_PROBLEM DESCRIPTION:_ Transcribe, word for word, every line from the one containing "ACDC Black Band Hoody(M)" through the final line of the records, and omit the pictures.
** Opening MATERIAL SHOWN block **
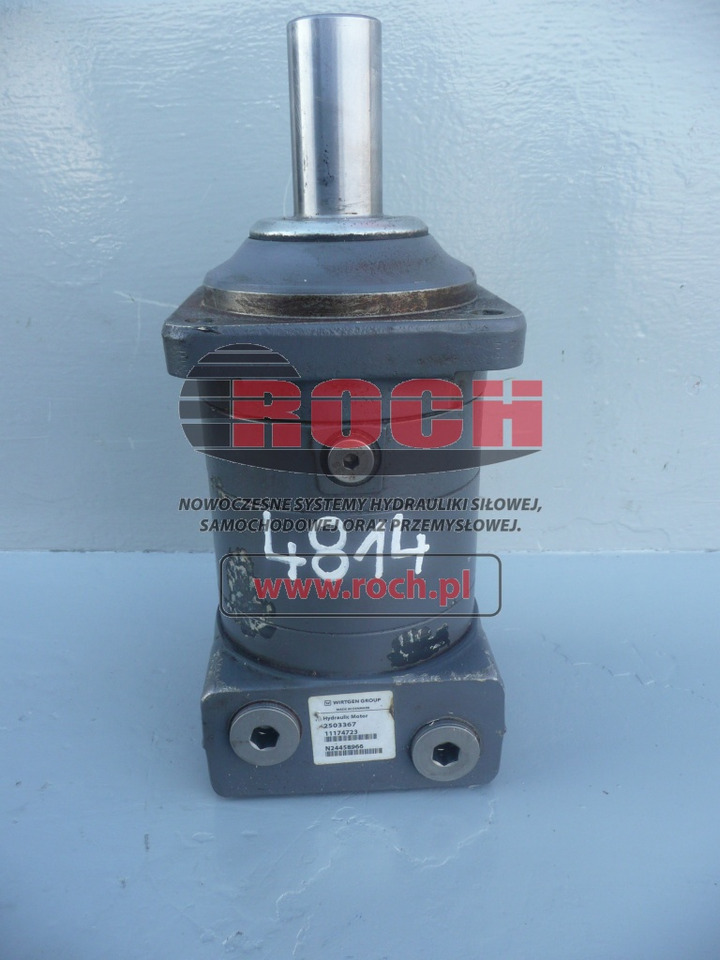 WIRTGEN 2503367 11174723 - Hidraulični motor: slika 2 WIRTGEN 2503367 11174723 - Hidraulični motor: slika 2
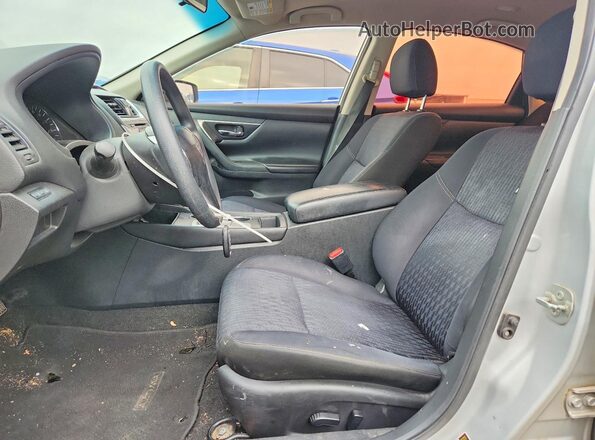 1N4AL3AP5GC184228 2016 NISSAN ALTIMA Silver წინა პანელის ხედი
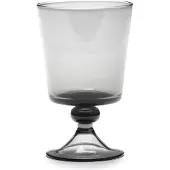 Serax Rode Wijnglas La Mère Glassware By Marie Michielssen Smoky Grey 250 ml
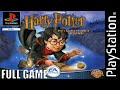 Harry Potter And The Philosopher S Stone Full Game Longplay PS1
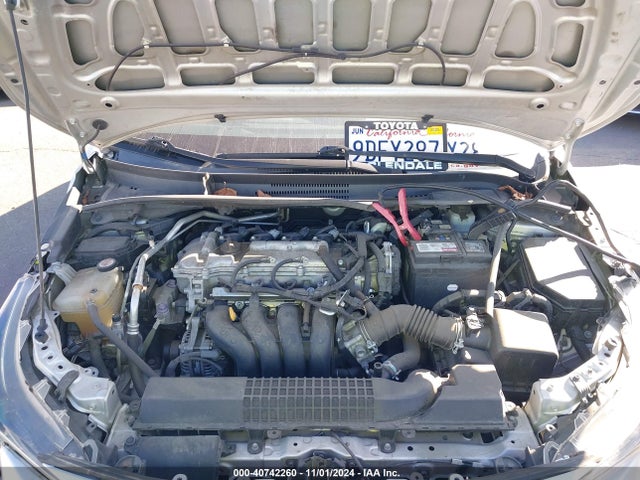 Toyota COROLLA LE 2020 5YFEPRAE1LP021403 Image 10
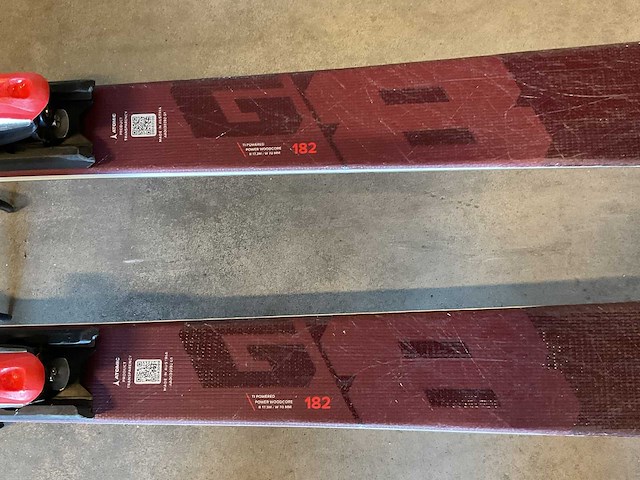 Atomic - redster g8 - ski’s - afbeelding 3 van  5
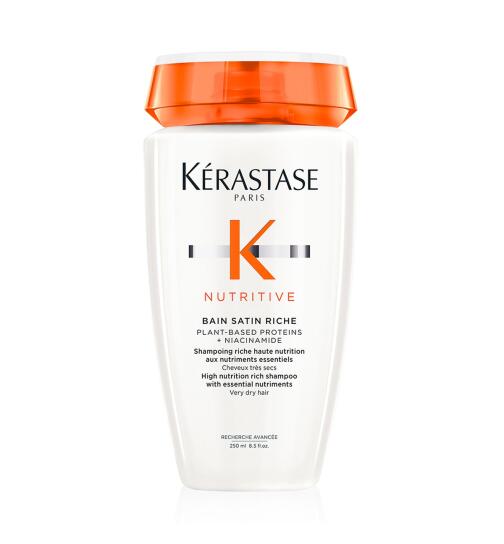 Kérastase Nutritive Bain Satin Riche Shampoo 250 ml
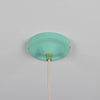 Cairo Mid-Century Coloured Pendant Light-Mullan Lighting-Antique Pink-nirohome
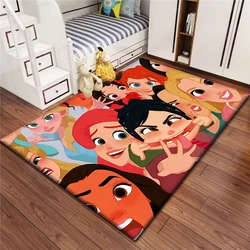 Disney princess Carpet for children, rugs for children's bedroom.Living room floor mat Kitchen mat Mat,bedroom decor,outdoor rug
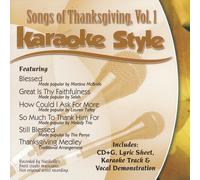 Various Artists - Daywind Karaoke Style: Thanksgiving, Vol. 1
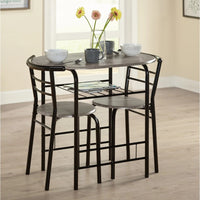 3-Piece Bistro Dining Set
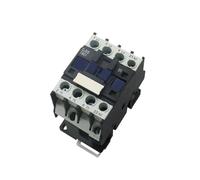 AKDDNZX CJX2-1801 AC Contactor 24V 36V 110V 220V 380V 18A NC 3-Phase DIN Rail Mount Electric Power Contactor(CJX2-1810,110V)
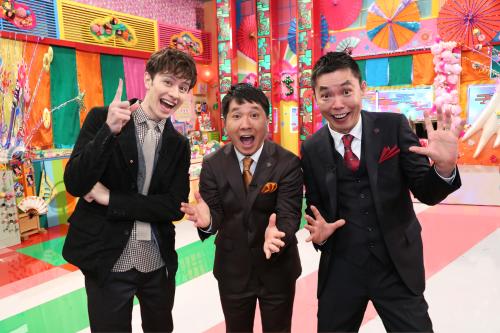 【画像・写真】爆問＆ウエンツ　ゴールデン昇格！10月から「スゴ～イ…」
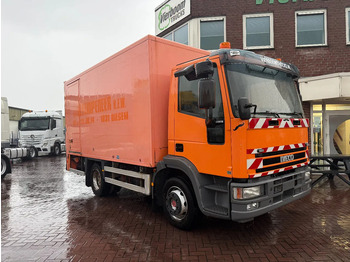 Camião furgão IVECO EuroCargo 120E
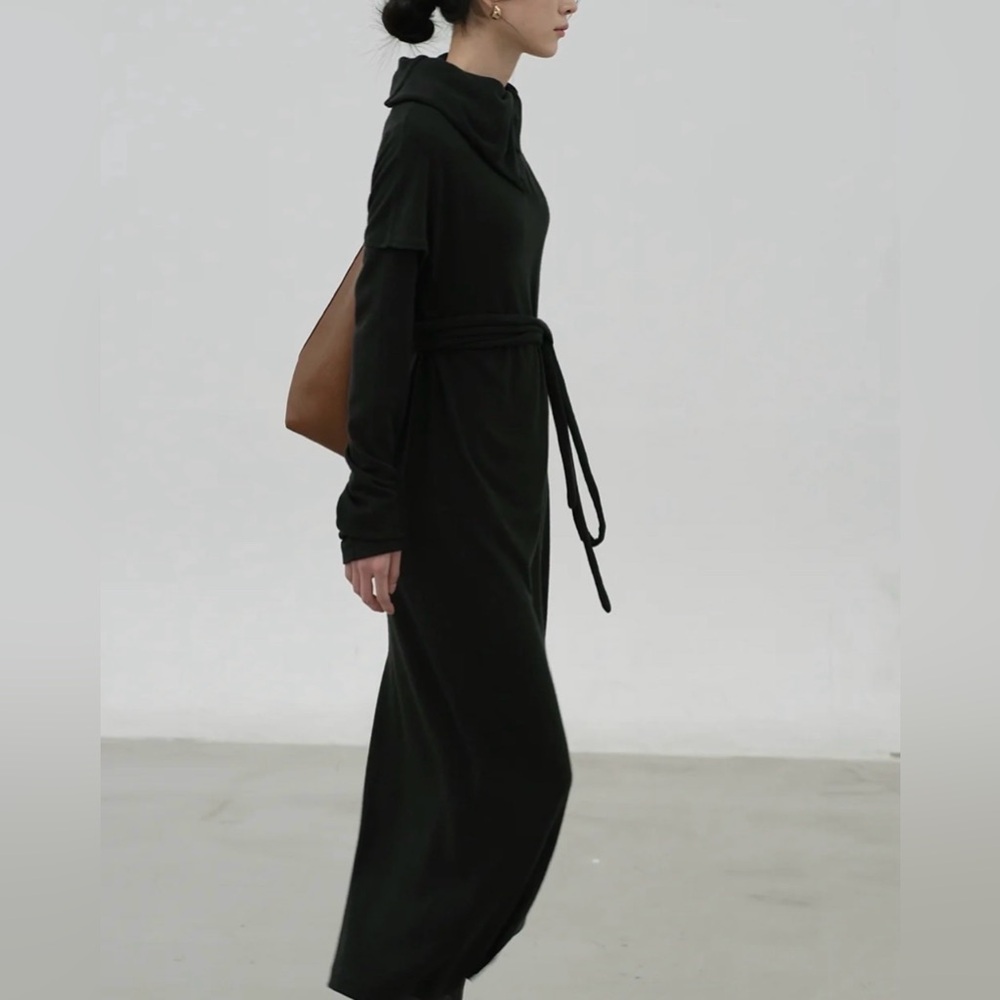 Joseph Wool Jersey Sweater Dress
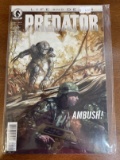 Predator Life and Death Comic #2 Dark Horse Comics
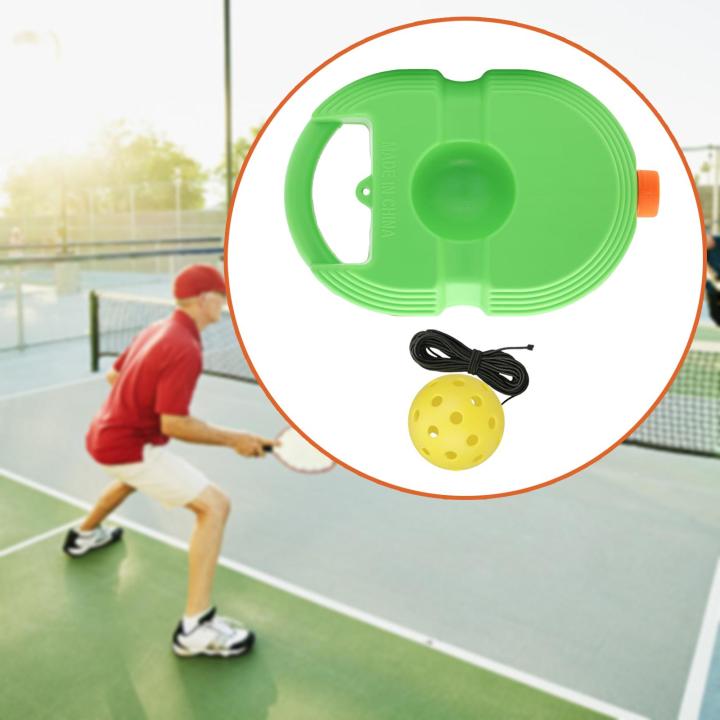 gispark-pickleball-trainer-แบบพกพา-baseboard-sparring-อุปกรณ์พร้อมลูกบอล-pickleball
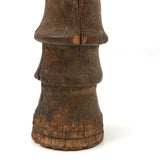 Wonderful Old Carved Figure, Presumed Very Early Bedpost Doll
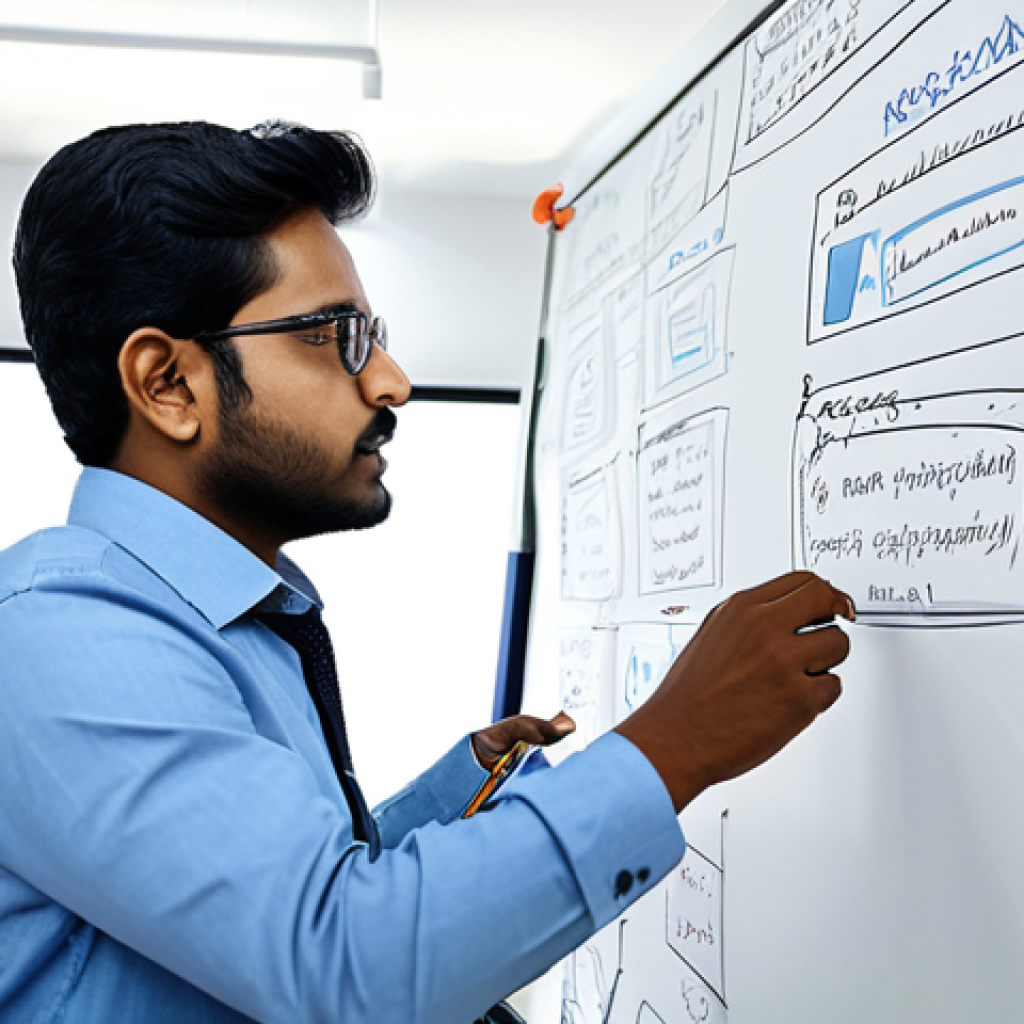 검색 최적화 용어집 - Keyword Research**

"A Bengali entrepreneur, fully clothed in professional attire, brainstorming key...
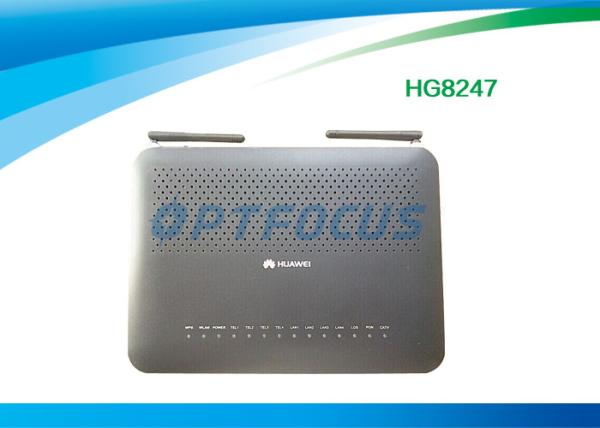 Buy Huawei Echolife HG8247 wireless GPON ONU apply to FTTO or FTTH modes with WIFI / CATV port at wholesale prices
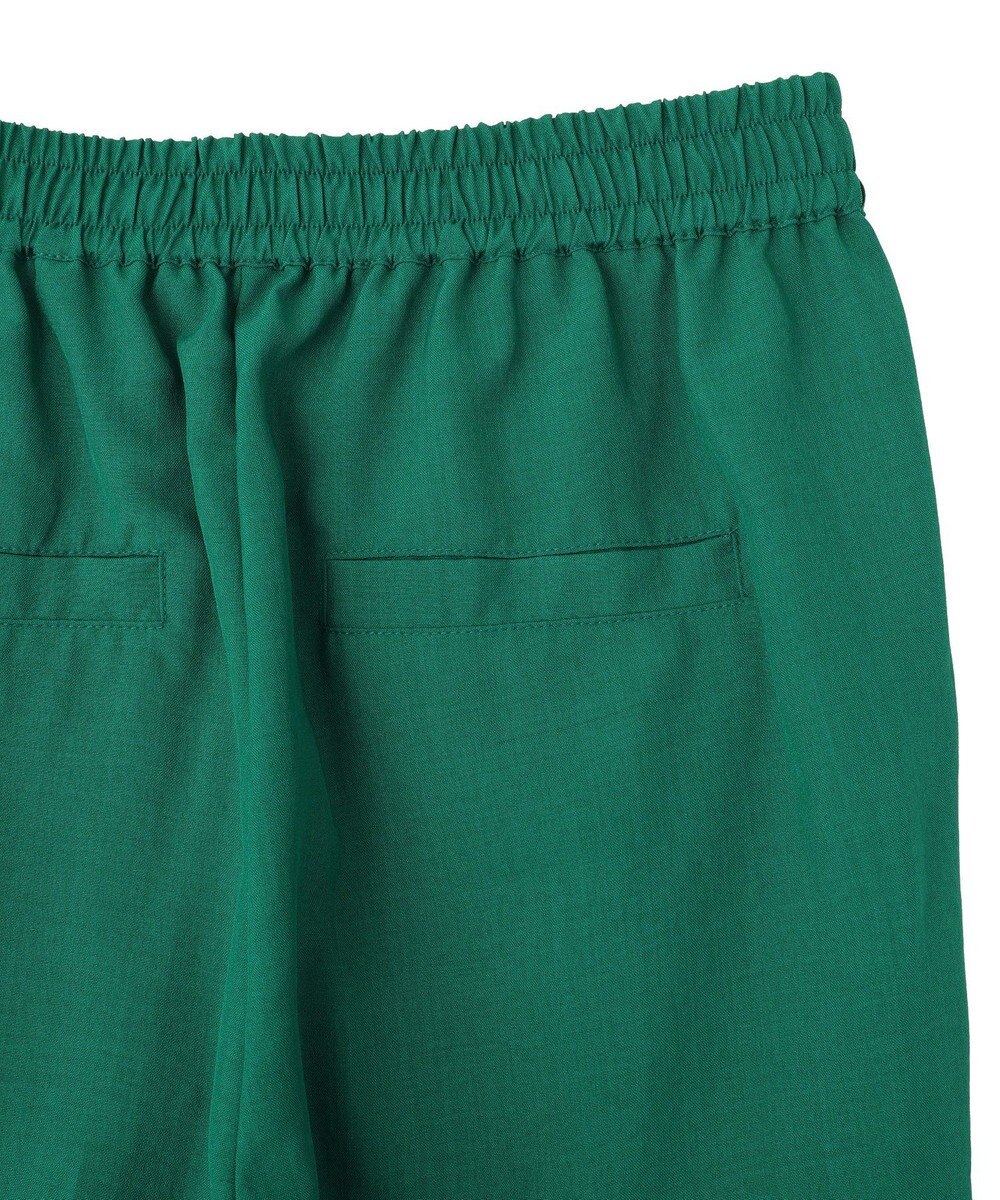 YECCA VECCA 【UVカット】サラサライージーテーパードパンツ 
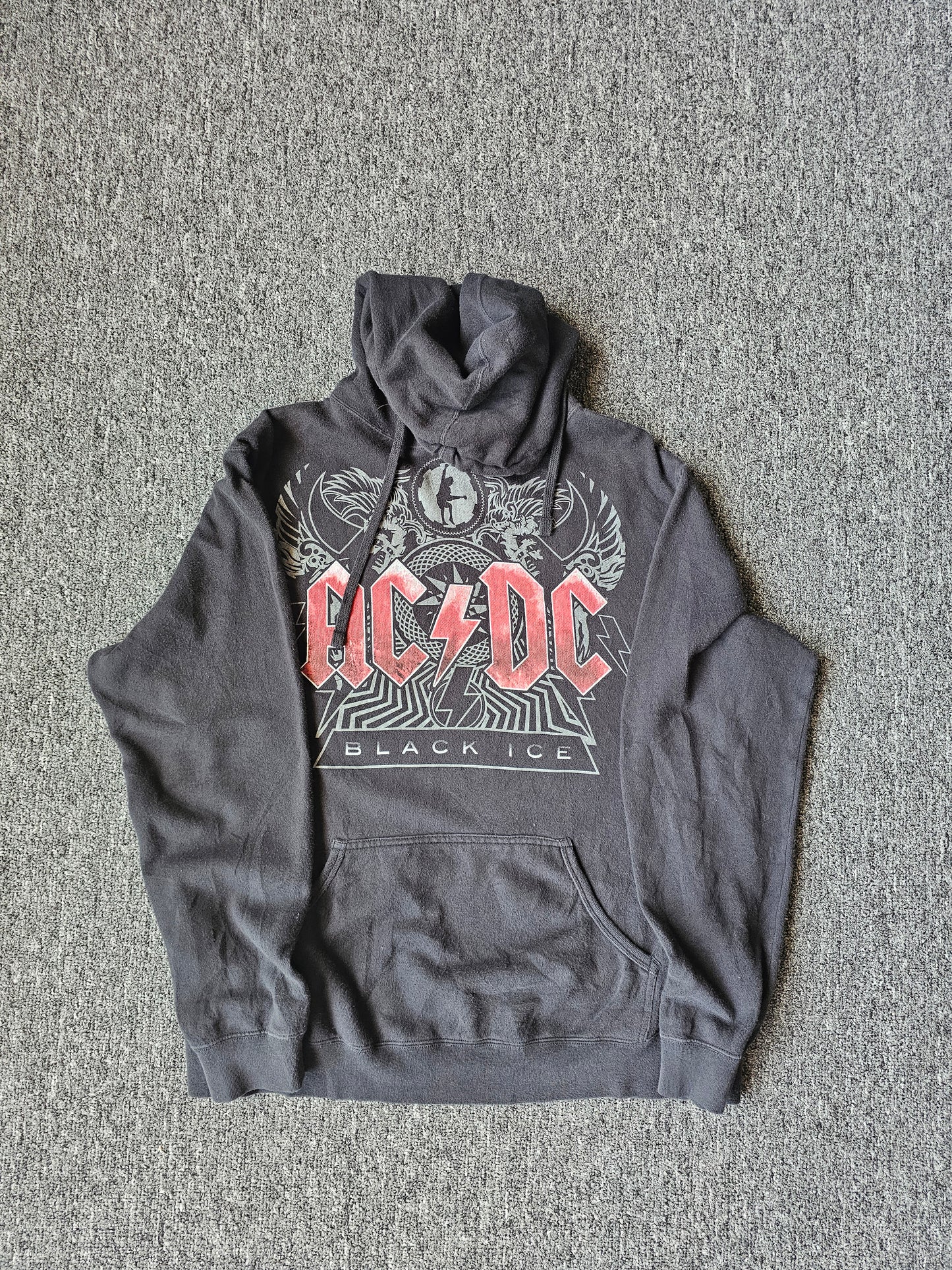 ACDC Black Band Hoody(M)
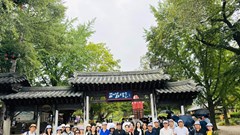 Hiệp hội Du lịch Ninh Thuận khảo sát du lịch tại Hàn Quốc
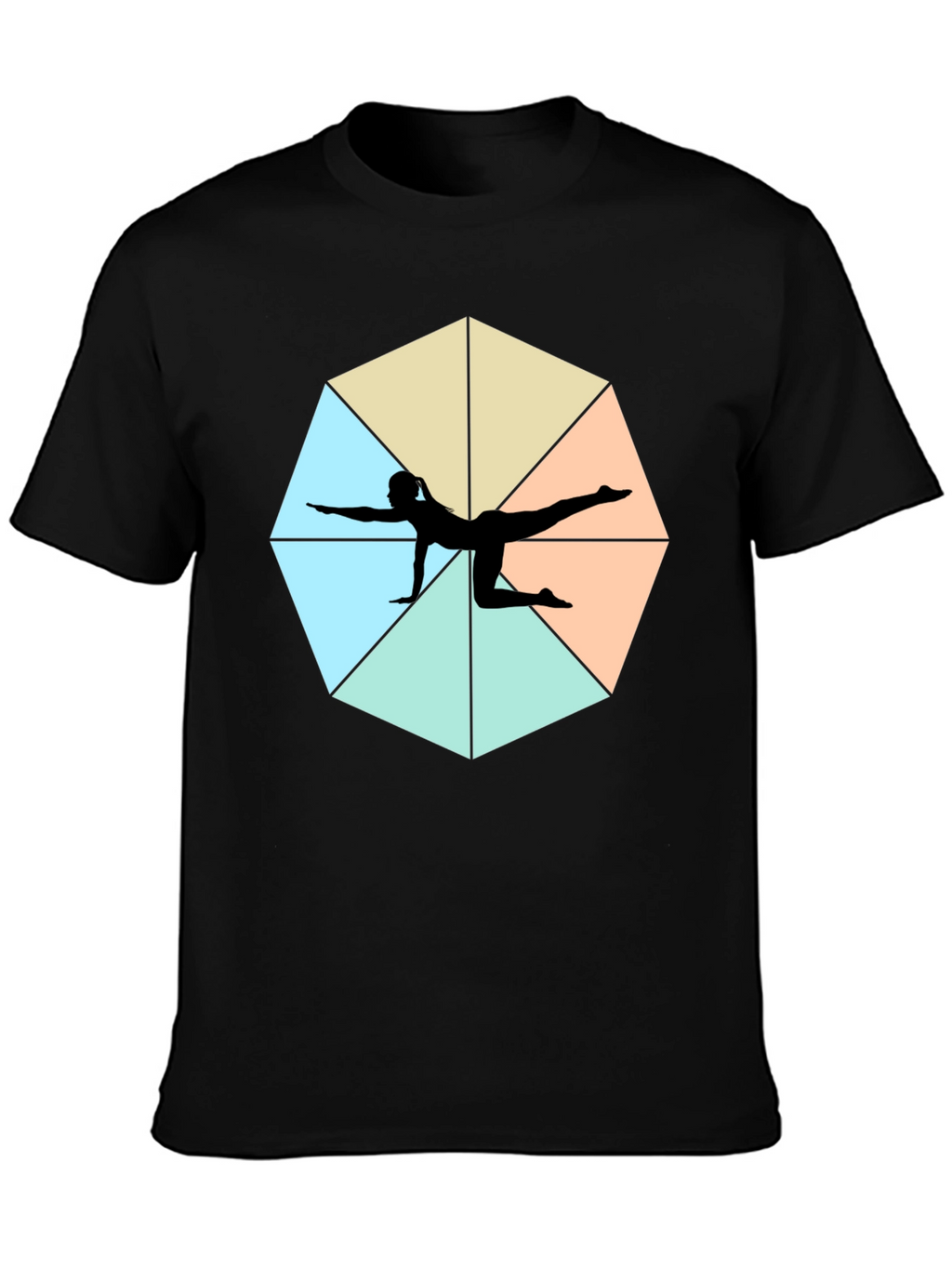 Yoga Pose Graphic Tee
** Closing MATERIAL SHOWN block **
_REPLY TO THE TASK:_
 ACDC Black Band Hoody(M)
 Hiệp hội Du lịch Ninh Thuận khảo sát du lịch tại Hàn Quốc
 Yoga Pose Graphic Tee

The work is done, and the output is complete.